Last time I bought socks, three months ago, I thought they would last me till Christmas. But half of them have walked off.

In 1997, my girlfriend was no better. A sign on her bedroom door said, “Why tidy my room when the world is such a mess?” It was a fine argument. Until you entered the room – the mess was three feet high, clothes, magazines, coat hangers, books, more books and possibly a couple who failed to leave the house party thrown months before.

Can the tidiness of a room affect the world’s problems?

Amma

Amma

As I write, in London, the British Broadcasting Corporation is refusing to withdraw an invitation for the leader of Britain’s foremost ultra-right-wing party to appear on a televised political debate show called Question Time.

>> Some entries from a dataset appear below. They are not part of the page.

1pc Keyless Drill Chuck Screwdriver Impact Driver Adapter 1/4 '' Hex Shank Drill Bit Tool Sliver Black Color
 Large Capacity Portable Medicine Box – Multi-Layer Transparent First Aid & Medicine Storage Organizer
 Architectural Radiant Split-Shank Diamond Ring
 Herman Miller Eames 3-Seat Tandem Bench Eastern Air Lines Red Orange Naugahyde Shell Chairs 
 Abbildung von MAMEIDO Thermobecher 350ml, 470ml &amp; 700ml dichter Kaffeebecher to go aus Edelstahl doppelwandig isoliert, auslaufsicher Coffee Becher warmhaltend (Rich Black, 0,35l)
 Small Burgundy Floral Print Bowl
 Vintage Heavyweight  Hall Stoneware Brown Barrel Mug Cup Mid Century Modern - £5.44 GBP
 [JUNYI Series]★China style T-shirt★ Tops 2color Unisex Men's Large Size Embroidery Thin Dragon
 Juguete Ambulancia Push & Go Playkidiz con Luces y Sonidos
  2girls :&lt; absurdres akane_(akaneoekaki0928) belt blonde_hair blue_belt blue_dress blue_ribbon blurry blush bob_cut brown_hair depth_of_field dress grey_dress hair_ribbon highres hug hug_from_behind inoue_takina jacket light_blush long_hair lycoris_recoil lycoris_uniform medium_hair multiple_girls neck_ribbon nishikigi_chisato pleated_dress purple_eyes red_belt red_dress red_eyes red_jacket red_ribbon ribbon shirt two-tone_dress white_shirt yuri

Its principle of not taking sides apparently demands airtime and publicity be given to this horrible man. Last week he bowed to a legal challenge over his organisation’s whites-only membership policy – it’s illegal for a political party to discriminate on racial grounds. His party has to change or disband.

Years ago he courted, unsuccessfully, the icon of Nordic masculinity that is Colonel Muammar Gaddafi to fund his white nationalist cause. Today he is a Member of the European Parliament who on his first day there referred to a female colleague who snubbed him as a ‘political prostitute’.

Earlier this year the BBC cited “impartiality” as its reason for refusing to air an aid appeal for Gaza, which had just been attacked by Israel. The UN Human Rights Council has since recognised Israel’s actions at that time as war crimes.
This week I met a journalist who reports from Palestine. She said the BBC’s decision not to air the aid appeal for Gaza “was wrong – they bowed to pressure.” It had nothing to do, she said, with impartiality.

Today the people who head the BBC can be excused for believing – given the press generated – that their decision to offer a racial separatist a high-profile platform on a current affairs show is important, progressive and cutting-edge. It’s not. The “impartiality” that deprived Palestinians of aid is now aiding the Nazis.

And who are these people? Largely those who never wear mismatched socks, I imagine – I doubt the BBC’s director-general stomps around the house, late for work, saying, “Darling have you seen my vertical rainbow-stripes? This one’s horizontal.” (“Who’ll notice your socks with those boots on, dear?”)

So this dangerous man, who believes in the “repatriation of non-whites”, gets to air his bile on national television. (It’s not that simple anyway. Iraq just sent British immigration officials back with 41 of the 50 rejected asylum applicants they’d forcibly flown to Baghdad to deport!)

Meanwhile, thousands of “indigenous whites” are flocking to north London’s Alexandra Palace for a hug from an Indian woman called Amma.

Mata Amritanandamayi Devi – the 56-year-old “hugging saint” from Kerala – is in town. I’ve seen Amma a couple of times, and bonkers as the spectacle of adults lining up for hours to be hugged by “Mother” may be, I prefer her message to that of the Nazis. Love indiscriminately, Amma says. She, one suspects, is one who might lose her socks. While the BBC embraces a far-right lunatic, she dishes out “darshan” – divine energy – to far-out devotees. They return her love, unconditionally, in credit and in (the unlikely event of) overdraft.